A step-by-step guide on how to plan a meeting (with types)

By Indeed Editorial Team

Updated 12 September 2022

Published 3 January 2022

The Indeed Editorial Team comprises a diverse and talented team of writers, researchers and subject matter experts equipped with Indeed's data and insights to deliver useful tips to help guide your career journey.

Business meetings enable an organisation to remain focused on its professional targets. If you're holding a meeting in person or remotely via video call, it's vital that you plan to make sure you get the most out of it. You can also establish which type of meeting best suits your agenda and the most effective methods of accomplishing the meeting's objectives. In this article, we look at popular types of business meetings, why planning is important and offer 11 steps for how to plan a meeting effectively.

How to plan a meeting and why it's important

Meeting planning is important to ensure the most efficient use of your time, so knowing how to plan a meeting correctly helps to make sure your project runs smoothly. Planning can help to improve productivity and enables you to maximise the benefits of a meeting while also minimising the time that the meeting requires your team to take out of their working day. For example, planning a discussion on strategy can generate positive outcomes that may lead to improved employee performance, help to increase productivity and improve results.

Types of meetings to plan

There are many circumstances in which you may be to arrange a meeting.
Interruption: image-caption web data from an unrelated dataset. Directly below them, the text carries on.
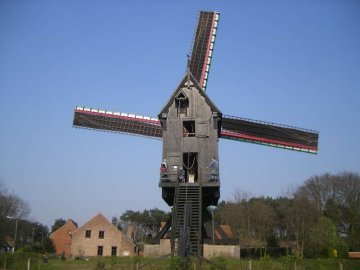 Heimolen - II, Oude Molen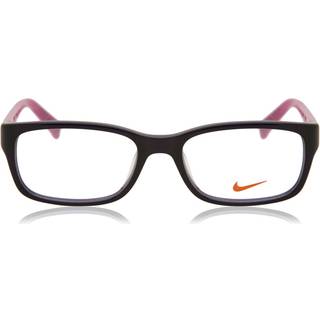 Nike 5513 Børn 515 47 Briller Børn Black - Pink - 47mm
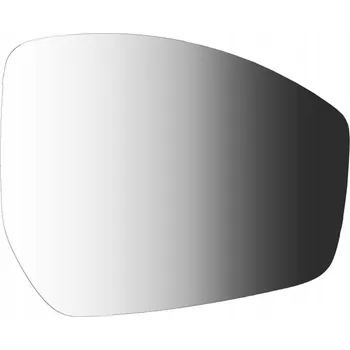 Posilovač řízení Abakus 2117G04 Sklo , vnější zrcátko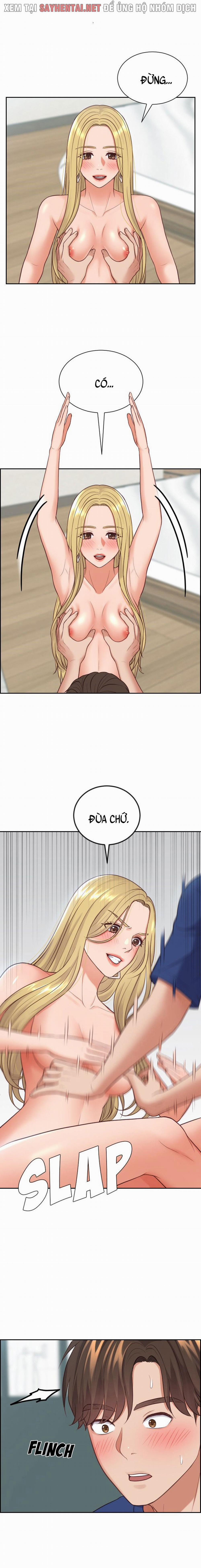 Tình Huống Của Cô Ấy 18 trang 15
Some of the most common reasons to hold a business meeting include:

  • brainstorming session to discuss a new product, plan or a new approach

  • debrief at the end of a project to identify what went well and where you can improve

  • decision-making sessions when there are two or more solutions to a problem

  • orientation for a new employee to help them adapt to the company

  • problem-solving meeting to talk about potential solutions to an issue

  • status update to share how different parts of a project are progressing

  • team-building session to foster a stronger bond between members of the staff

  • training for a new piece of technology or a change in operating procedure

How to plan meetings

Here are some steps you can take to help ensure success in your next meeting:

1. Establish your goal and if it requires a meeting

Meetings take time from people's working day, so it's important to ensure that holding a meeting is the best way of approaching what you're trying to accomplish. consider what your goals are for the meeting and the time and input required to address them. If you only require a minimal amount of time, it may be that an email or brief discussion with the relevant staff members may be a better option than holding a formal meeting.

Related: How to write a meeting agenda (with tips and sample)

2. Decide on a format

The structure of a meeting is an important aspect that dictates how the meeting takes place and what you can achieve in that time. Firstly, you can decide on a discussion format. There are two main formats you may want to choose from. Either an open discussion that encourages all meeting attendees to participate and share their point of view or a lecture format, where you choose one or more people to speak and give a presentation. At a meeting that is focused on decision-making, it can help to establish how to finalise the decisions in advance.

Related: What are one-on-one meetings? (With benefits and tips)

3. Create a preliminary agenda

Considering your objectives and your planned meeting format, you can create a preliminary schedule that includes the topics you plan to cover and in what order and how much time to allocate to each. Having an outline for your proposed meeting before finalising the details provides you with a framework to follow.

Related: How to write meeting notes: essential steps

4. Assign roles

Before the meeting, it can help assign important roles to your colleagues or team to share the workload and prepare for the meeting. It also enables you to make changes if the individual in question is unavailable. You may want to consider assigning the following roles:

  • Meeting lead: Though a senior member usually leads the meeting, they may be absent from the meeting or prefer another staff member to facilitate it.

  • Notetaker: You can assign someone to take notes to keep a record of your meeting, whether it's writing down key ideas or a detailed transcription.

  • Timekeeper: Ensuring a meeting remains on schedule is important, so you choose to have one person to ensure it stays on track.

  • Experts: Some meetings may call for expert advice, this may be from an existing employee or an external consultant. Share your plans and objectives with those you expect to offer expertise in advance so that they have time to prepare their speech or presentation.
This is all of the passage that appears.